Civil partnership is a legal relationship, which can be formed by two people of the same or opposite sex. Couples who form a civil partnership will have legal status, that of a civil partner. Information on Marriage and Civil Partnership fees from 1 April 2018 can be downloaded here.
The civil partnership registration may take place in a registrar’s office or at an approved place.
Any two people, regardless of where they live , can register a civil partnership in Northern Ireland, provided they are:
- aged 18 or above on the day of your ceremony (consent is needed if either of you is aged 16 or 17)
- unrelated to one another in a way that would prevent you from forming a civil partnership
- free to enter into a partnership, for example, neither of you is already a civil partner or legally married
You must also complete a civil partnership notice form and return it along with other documents to the registrar's office in the district where you plan to form your partnership. A form is available from the council offices at:
- Town Hall, The Castle, Bangor, BT20 4BT
- 2 Church Street, Newtownards, BT23 4AP
The form is also available online here
You will need to fill in the form and provide these documents:
- your full (long version) birth certificate (authorised photocopies are not acceptable)

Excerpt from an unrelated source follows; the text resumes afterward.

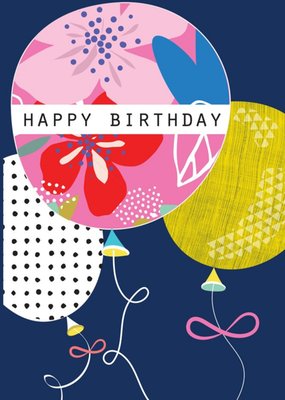 Birthday Balloons Card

- your passport or national identity card - the registrar can advise on alternatives if you do not hold either of these
- a consent form (if you're aged 16 or 17) - these are available from the registrar
- if you have entered into a civil partnership before, a court order of dissolution for that partnership
- if you have been married before and the marriage was dissolved, a certificate of divorce or annulment or a certified copy decree (decrees must be absolute or final)
- if you have been married more than once, only the documents for your most recent marriage are required
- if you are a widow, widower or surviving civil partner, the death certificate of your former spouse or civil partner
You can buy civil partnership certificates at the point of registration. Each certificate costs £8.00. You can pay by credit/debit card, cheque or cash.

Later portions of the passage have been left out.